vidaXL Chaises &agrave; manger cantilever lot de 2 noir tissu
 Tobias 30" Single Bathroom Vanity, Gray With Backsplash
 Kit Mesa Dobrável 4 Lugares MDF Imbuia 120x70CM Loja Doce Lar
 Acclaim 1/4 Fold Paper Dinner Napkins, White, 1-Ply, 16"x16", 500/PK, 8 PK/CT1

☆ ☆ ☆ ☆ ☆

▶ [Exercise prompt] Output the listing once more. Leave each word as it stands.

▶ [Response to the task]
vidaXL Chaises &agrave; manger cantilever lot de 2 noir tissu
 Tobias 30" Single Bathroom Vanity, Gray With Backsplash
 Kit Mesa Dobrável 4 Lugares MDF Imbuia 120x70CM Loja Doce Lar
 Acclaim 1/4 Fold Paper Dinner Napkins, White, 1-Ply, 16"x16", 500/PK, 8 PK/CT1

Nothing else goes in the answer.